だが、男たちは割と無神経に「オバサン」「オバチャン」を口にする。昨今はかなり言わなくなったとはいえだ。時には二十代であってもオバサン呼ばわりされ、五十代でも「ああ、あのババアか」と言われたりする。言われた本人たちにはオバサン意識もなく、ババア意識もないのに、他者が勝手に女の立ち位置を決める。それが日本の現実ではないか。
私はこの「他者が勝手に決める」ということに興味を持ち、女の年齢について書きたいと思った。(幻冬舎文庫「エイジハラスメント」あとがき)
もちろん、内館牧子らしい(?)女同士のバトルも出てきます。蜜 vs リア充女子大生の義理妹のバトルはかなり壮絶。しかし、リア充女子大生は「意地悪な年増義理姉にいじめられるかわいそうな女」ではありません。若さゆえの残酷さで蜜をバッサバッサ斬ってきます。Zガンダムでカミーユに修正されて「これが若さか…」と涙ぐんでいたクワトロ・バジーナさんを思い出しそうになります。しかし、蜜も負けてはおらず、応戦します。そして、この義理妹の発言や、夫の不倫相手の姿から、ちゃんと学び、成長することができる人間でもありました。
物語の終盤、蜜を通して、内館氏の「エイジハラスメント」に対する「処方箋」が語られます。社会が簡単に変わらないとして、女性が若さを失った後も楽しく堂々と生きるには、どうしたらいいか。これは、ぜひ小説をお読みになっていただきたいと思います。
今、ドラマ化される意味は?
今、このテーマでドラマが作られた背景には、もしかするとちょっと前の話題作、「問題のあるレストラン」の影響があるのかな?と思いました。
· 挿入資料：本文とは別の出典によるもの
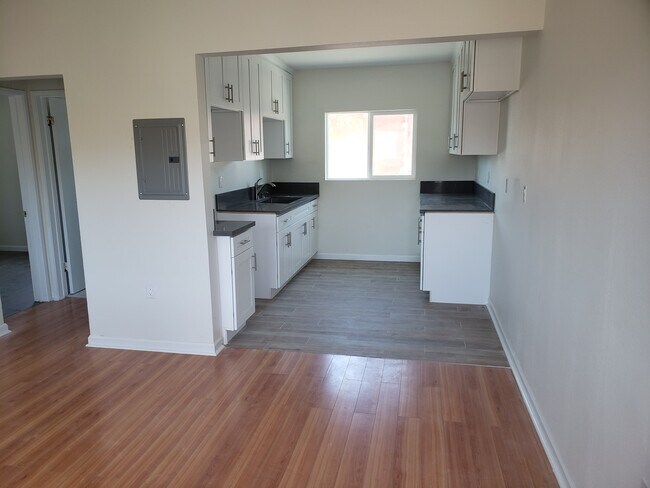 Building Photo - 2309 S Ridgeley Dr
この作品は、企業や家庭でのセクハラ、モラハラが個人に、そして組織にどんなダメージをもたらすか、ハラスメントのない環境で働くことで人がいきいきとできること、なにかと分断されがちな女同士の連帯などを描いていて、見応えのある作品でした。セクハラ描写が過剰にわかりやすいところがあり、反感を買う面もあったかもしれません。でもtwitter等で感想を見ていると、「これくらいわかりやすくしないと、セクハラのなにが悪いか理解できない」人たちもたくさんいるのだ、と分かりました。いちばん心に残っているセリフは、主人公のセリフ。
「いい仕事がしたい。ただ、いい仕事がしたいんです。」
男性であろうと、女性であろうと、職場では仕事がしたい。当然です。その「当然」がハラスメントによってできなくなる。その辛さ、理不尽さを、「問題のあるレストラン」は描きました。主人公が見る夢として、かつてセクハラ、パワハラをしまくっていた上司たちが、ハラスメントなく普通に「いい仕事」をする、「理想の店(レストラン)」が描かれたのも、印象に残っています。
「エイジハラスメント」小説版では、実は「企業という組織の中でのエイジハラスメント」、そしてそれと密接に関わる「女性が職場でも女性としての性役割を演じることを求められることの問題」については、あまり掘り下げていません。ドラマ化にあたり、企業OLが主人公になったことで、このへんの問題が描かれることは期待できるのかもしれません。
「あとがき」によれば、「エイジハラスメント」小説版の構想は1998年、発表が2008年のようです。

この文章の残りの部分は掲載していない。